The story is written to play in an alternative recent history, although it could just as well fit in with the facts as we know them from the 1st Gulf war, edited as they are when they reach us...
It follows two separate strands in the build up to the war. On the one hand we have gutsy Betsy Vendeveter, a low grade analyst in the CIA, who has just stumbled over a connection that nobody else has noticed, and then committed career suicide by actually releasing it, which means she seriously overstepped her boundaries. Especially as her observation, concerning mid-Eastern graduate students, biological weapons, and associated skullduggery torpedoes all the careful work, done over many years, of James Gabor Millikan, US Diplomat to the Near East, and main shaper of US foreign policy in the area. So, from thereon she is shunned, shunted about, and only helped in the most obscure ways – the service wants, no, needs her insights, but cannot be seen to want her.

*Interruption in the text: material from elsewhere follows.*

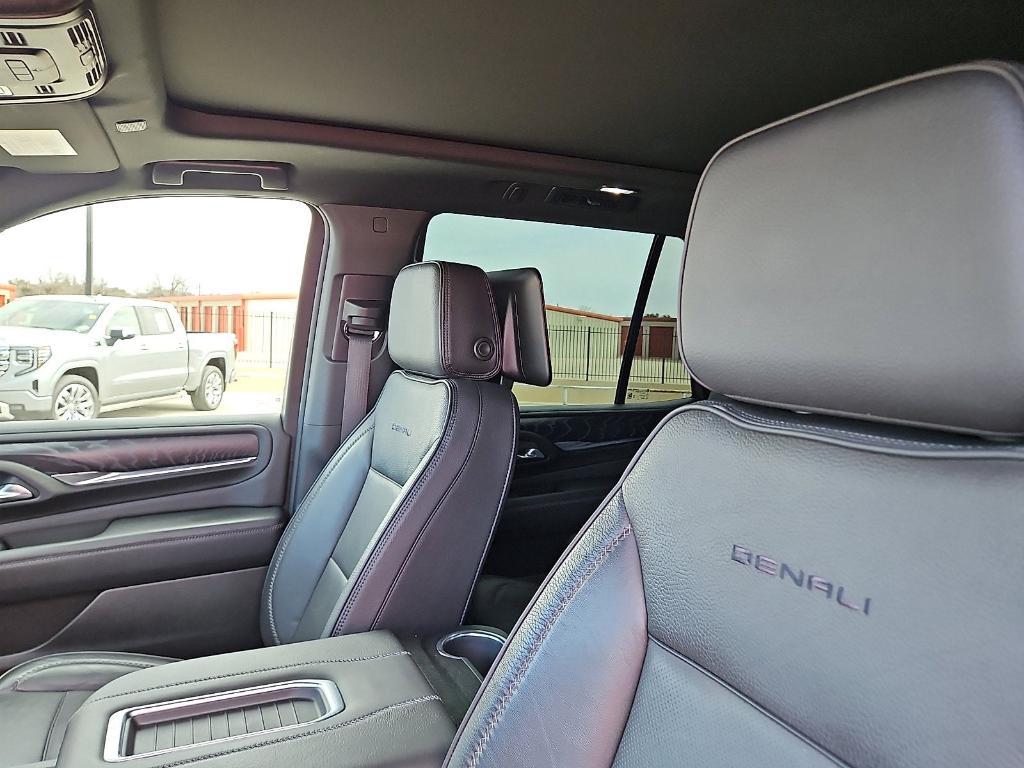used 2023 GMC Yukon car, priced at $62,997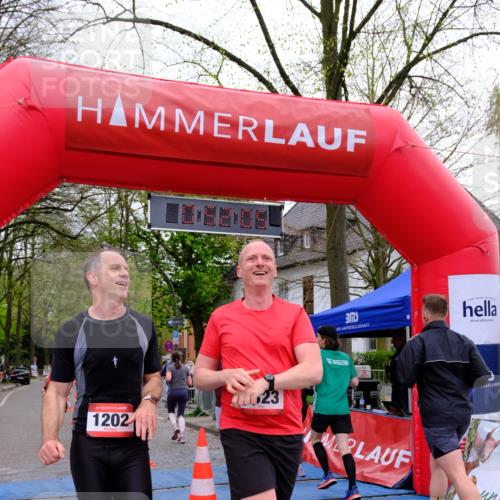19.04.2026 - Hammer Lauf Tim E. http://msf.ph/oto/9534172 19.04.2026 10:37:13 Ziel 227, 241, 324, 325, 1202, 1215, 1216, 1323, 1772 meine-sportfotos.de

The other strand follows Deputy Sheriff Clyde Banks, working in the fictional twin townships of Wapsinicon-Nishnabotna; a man with both feet on the ground and heaps of common sense, but also with a small child to look after and his wife in Kuwait. And with the odd quirk, of course. For example there is a lot of local animosity between the two towns, like in Clyde's observation that "Everyone has a role in the cosmic story, no matter how small, dangerous, or humiliating. The roles picked out for boys from Nishnabotna tended to fit all three descriptions".
Priceless – and no prices for guessing where he grew up, either.
Wapsinicon has a University where Dr Arthur 'Rainmaker' Larson has his department – and he employs loads of foreign students to do his graduate research. And most of them are from the mid-east, obviously with passports from non-prescribed countries. All above board, clearly. Except for the ones Clyde identifies as Iraqis (in contrast to their vetted passports) and most likely up to no good; the ones showing up dead in the local lake, and the Valkhan Turks playing their own game.

The book deals with heavy topics – xenophobia/racism is a recurring theme, but also biological weapons with genetic markers to make them more targeted; then there's the classic inter-service wrangles with much higher priority than the truth, or the nation, or the nation's soldiers, and of course the all the associated backstabbing, counter-intelligence, and accompanying 'Alphabet Soup' of acronyms and abbreviations.
The story is told with loads of flashbacks, incidental data, Ellipses and little asides, a lot of which don't seem to have any bearing on the story, and only provide local colorit or general character background.

The book moves at a moderate pace, and takes a good while to get going (whilst feeding you backstory, hints, and facts about the setting), but whilst it is not the fastest book, or the most thrilling, er, thriller, it nevertheless is highly readable, interesting, and quite compulsive reading despite the moderate pace.
One thing I found startling, though, is how much of the book reminds me of Quantico by Greg Bear. Except, I found out when I looked into it, that Quantico was written 9 years later, I just read them the other way round. Without stepping into any claims on appropriating ideas (sorry, being inspired is the term, of course) or such, let's just say that, if you liked Quantico, then you will enjoy Cobweb. Or vice versa, of course.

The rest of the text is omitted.